In view of the fact that Latin and Greek were taught in almost all grammar schools in Europe, and in view of the fact that nearly all these scholars were well versed in these and some other European languages, it is curious that inasmuch as they were so intimately concerned with Dravidian words while compiling their dictionaries, they did not publish anything concerning the relationship between numerous Dravidian words and their corresponding European words which is not difficult to observe at all. But the fact remains that without their and many other subsequent Indian and Europeans’ painstaking output, Dravidian would have suffered a great loss and therefore, they all have earned and well deserve a share of gratitude of the Indians.
Much credit also goes to Sir William Jones who, even though ignored Dravidian, was the first one to startle the European scholars by summarily rejecting their notion of a barbaric India and by setting them on the right track by correctly conceiving and eloquently advocating that not only Greek and Latin, but Sanskrit, Gothic, Celtic, and Persian had sprung from a common source.
But the greatest share of the merit and gratitude goes to none other than Sanskrit herself. It is easy to visualize her as an irated Indian goddess because the European scholars who had founded the Science of Linguistics by utilizing the knowledge derived from ancient Indian works composed in Sanskrit had turned around and said that she is not Indian at all!
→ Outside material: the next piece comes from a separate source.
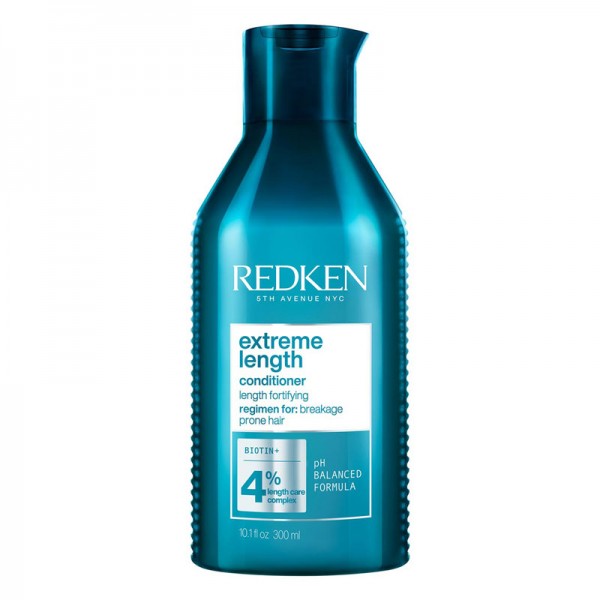 Redken Extreme Length Conditioner 10.1oz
They said that she is an imported language into India. Further, they cut India into two halves and said that northern half of India came within the empire of the Indo-European languages. They also took pains to insist that her mother, Dravidian, is a language of the barbarous southern Indians who were trying to be a little civilized lately, that she may also be non-Indian, and that she is isolated and unrelated to any language or language family in the world and therefore surely as close to being an orphan as anyone can get to that situation.
They had not only snatched away Sanskrit from her own mother India's lap, but they portrayed her own European brothers and sisters as unrelated to their mother Dravidian. So, she set them to work for Indo-European which in effect was to set them to work for her mother Dravidian. They promptly proceeded to recognize the phonetic correspondences of Indo-European and the root-words from which all the words in all the Indo-European languages have ensued. These phonetic correspondences were none other than her own mother’s birthmarks which the great mother had bequeathed to them, and in spite of the great span of time that had elapsed since she had sent off her children to the far shores of Europe, she could still illustrate many of them as proof of the umbilical cord that bound them all inseparably. The Indo-European root-words were of course none other than her own mother’s words. Now, all Sanskrit had to do was wait; wait for someone to realize what she had done and make use of the proof which she had wrought out of the very hands of the concerned European scholars. And this is where the present author came in, and the rest is history.